## [DATASET RECORDS]
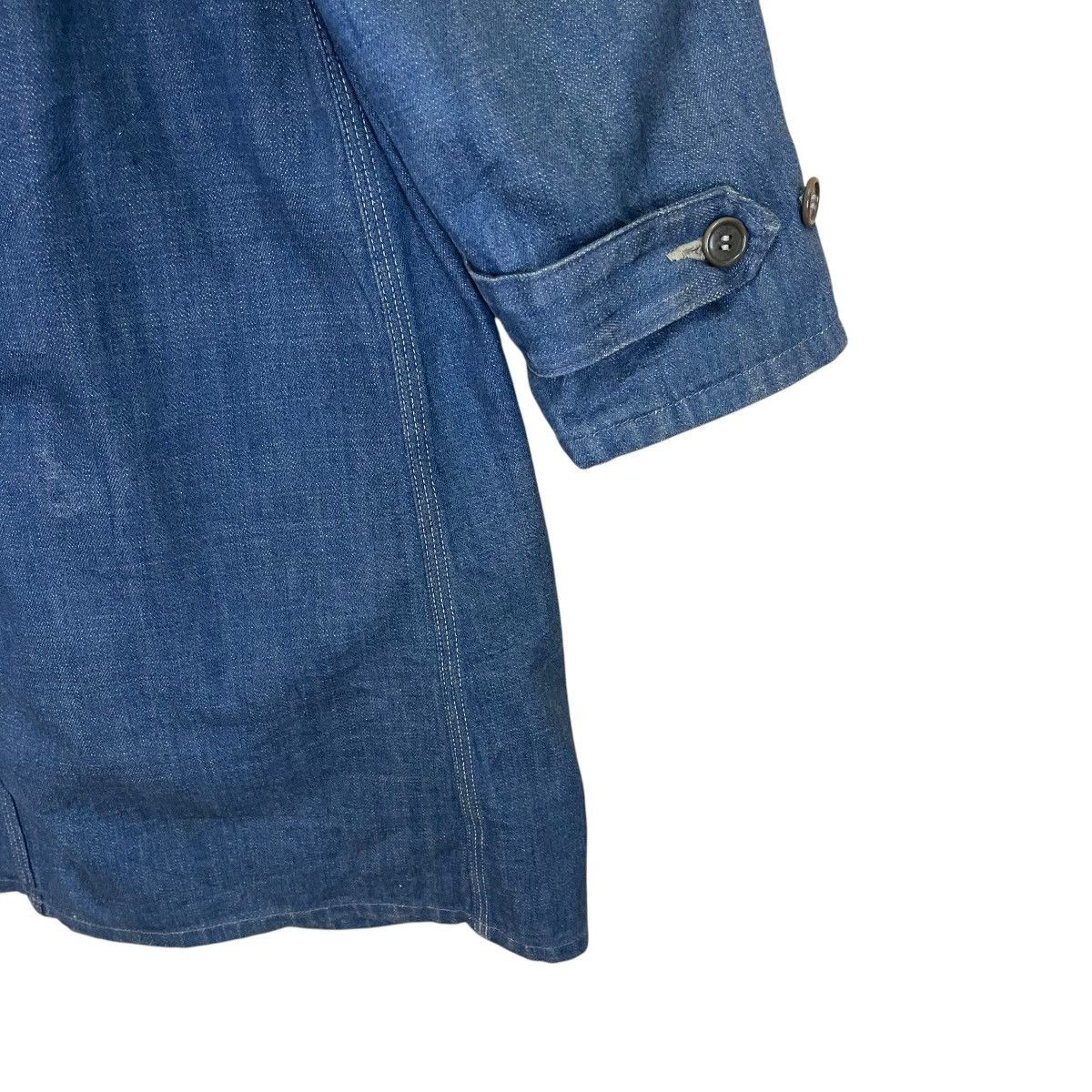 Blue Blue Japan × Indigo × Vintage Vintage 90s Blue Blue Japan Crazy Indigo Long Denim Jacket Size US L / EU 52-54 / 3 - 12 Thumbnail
--
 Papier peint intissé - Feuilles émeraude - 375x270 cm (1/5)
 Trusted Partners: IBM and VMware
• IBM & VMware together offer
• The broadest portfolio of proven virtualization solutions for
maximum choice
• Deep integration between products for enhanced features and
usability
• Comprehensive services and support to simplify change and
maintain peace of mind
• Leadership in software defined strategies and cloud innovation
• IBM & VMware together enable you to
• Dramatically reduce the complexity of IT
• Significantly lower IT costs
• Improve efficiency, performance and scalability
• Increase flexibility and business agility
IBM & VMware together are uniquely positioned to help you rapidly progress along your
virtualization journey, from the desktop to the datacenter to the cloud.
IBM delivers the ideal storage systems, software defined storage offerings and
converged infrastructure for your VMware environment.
---
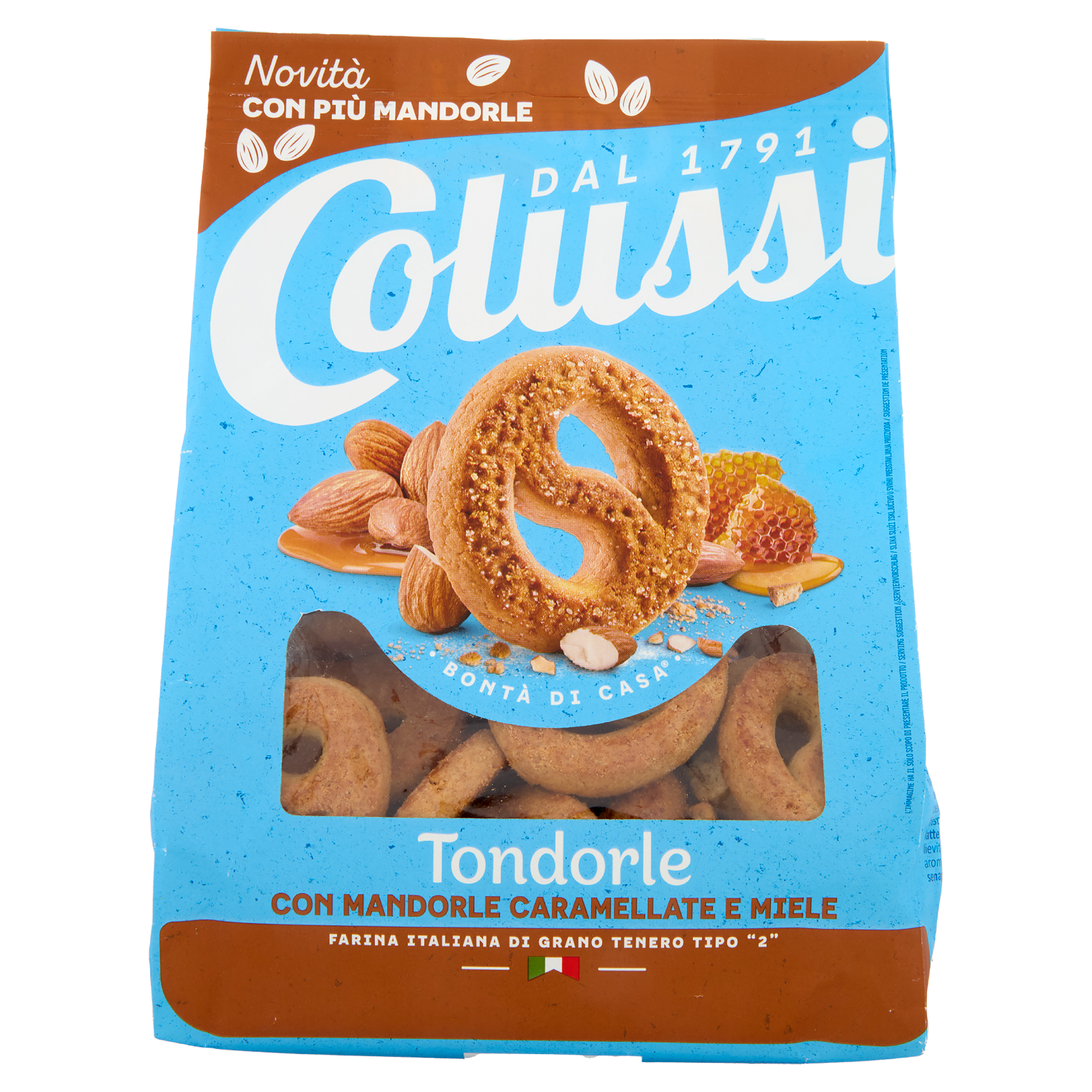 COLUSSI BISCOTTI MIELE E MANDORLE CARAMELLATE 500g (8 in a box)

## [EXERCISE DETAILS]
Retype exactly the span of lines from the one with "and cloud innovation" through the one with "converged infrastructure for"; include both ends and omit the rest of the material.

## [SOLUTION FOR THIS TASK]
• Leadership in software defined strategies and cloud innovation
• IBM & VMware together enable you to
• Dramatically reduce the complexity of IT
• Significantly lower IT costs
• Improve efficiency, performance and scalability
• Increase flexibility and business agility
IBM & VMware together are uniquely positioned to help you rapidly progress along your
virtualization journey, from the desktop to the datacenter to the cloud.
IBM delivers the ideal storage systems, software defined storage offerings and
converged infrastructure for your VMware environment.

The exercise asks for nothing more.